Web page caption snippets:
Segment Open

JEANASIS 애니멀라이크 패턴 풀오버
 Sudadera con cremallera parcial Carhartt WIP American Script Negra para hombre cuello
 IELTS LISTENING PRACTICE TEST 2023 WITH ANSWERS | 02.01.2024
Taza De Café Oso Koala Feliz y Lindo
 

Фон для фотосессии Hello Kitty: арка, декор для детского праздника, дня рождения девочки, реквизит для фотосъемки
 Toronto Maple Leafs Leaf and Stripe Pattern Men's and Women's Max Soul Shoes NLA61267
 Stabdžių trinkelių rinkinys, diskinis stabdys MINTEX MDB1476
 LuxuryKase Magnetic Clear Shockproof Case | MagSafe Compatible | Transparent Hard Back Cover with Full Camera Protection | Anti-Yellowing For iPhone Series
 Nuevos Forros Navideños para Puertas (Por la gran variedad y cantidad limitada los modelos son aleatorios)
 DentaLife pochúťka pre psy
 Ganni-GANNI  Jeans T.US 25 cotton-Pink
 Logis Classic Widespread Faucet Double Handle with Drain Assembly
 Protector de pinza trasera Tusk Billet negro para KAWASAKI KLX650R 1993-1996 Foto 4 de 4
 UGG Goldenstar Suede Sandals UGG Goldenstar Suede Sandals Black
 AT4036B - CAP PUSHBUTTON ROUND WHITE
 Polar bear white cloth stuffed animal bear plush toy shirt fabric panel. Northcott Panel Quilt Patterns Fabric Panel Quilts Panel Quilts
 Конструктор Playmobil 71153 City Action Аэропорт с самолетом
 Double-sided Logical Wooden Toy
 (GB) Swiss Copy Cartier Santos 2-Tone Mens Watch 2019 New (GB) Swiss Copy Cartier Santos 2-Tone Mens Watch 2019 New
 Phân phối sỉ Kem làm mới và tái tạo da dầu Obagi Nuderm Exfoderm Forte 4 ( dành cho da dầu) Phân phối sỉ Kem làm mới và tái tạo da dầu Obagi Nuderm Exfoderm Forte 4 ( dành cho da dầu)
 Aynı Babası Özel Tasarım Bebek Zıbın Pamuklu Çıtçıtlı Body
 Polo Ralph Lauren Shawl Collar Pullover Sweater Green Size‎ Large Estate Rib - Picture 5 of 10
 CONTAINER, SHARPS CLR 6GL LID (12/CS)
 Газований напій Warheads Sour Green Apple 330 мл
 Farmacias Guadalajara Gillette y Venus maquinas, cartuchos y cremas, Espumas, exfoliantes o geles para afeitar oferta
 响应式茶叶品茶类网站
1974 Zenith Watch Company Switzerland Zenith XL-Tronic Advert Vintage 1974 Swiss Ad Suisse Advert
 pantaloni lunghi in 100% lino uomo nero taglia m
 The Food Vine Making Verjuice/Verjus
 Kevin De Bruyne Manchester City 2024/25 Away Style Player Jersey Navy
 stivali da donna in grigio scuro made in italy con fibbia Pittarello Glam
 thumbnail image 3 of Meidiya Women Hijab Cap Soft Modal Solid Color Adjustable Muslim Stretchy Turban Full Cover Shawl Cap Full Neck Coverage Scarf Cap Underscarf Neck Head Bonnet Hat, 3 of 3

Segment Closed

Beginning with the line that has "Sudadera con cremallera" and ending with the line that has "T.US 25 cotton-Pink", set down the lines above exactly and include no others.

- **Answer section**:
 Sudadera con cremallera parcial Carhartt WIP American Script Negra para hombre cuello
 IELTS LISTENING PRACTICE TEST 2023 WITH ANSWERS | 02.01.2024
Taza De Café Oso Koala Feliz y Lindo
 

Фон для фотосессии Hello Kitty: арка, декор для детского праздника, дня рождения девочки, реквизит для фотосъемки
 Toronto Maple Leafs Leaf and Stripe Pattern Men's and Women's Max Soul Shoes NLA61267
 Stabdžių trinkelių rinkinys, diskinis stabdys MINTEX MDB1476
 LuxuryKase Magnetic Clear Shockproof Case | MagSafe Compatible | Transparent Hard Back Cover with Full Camera Protection | Anti-Yellowing For iPhone Series
 Nuevos Forros Navideños para Puertas (Por la gran variedad y cantidad limitada los modelos son aleatorios)
 DentaLife pochúťka pre psy
 Ganni-GANNI  Jeans T.US 25 cotton-Pink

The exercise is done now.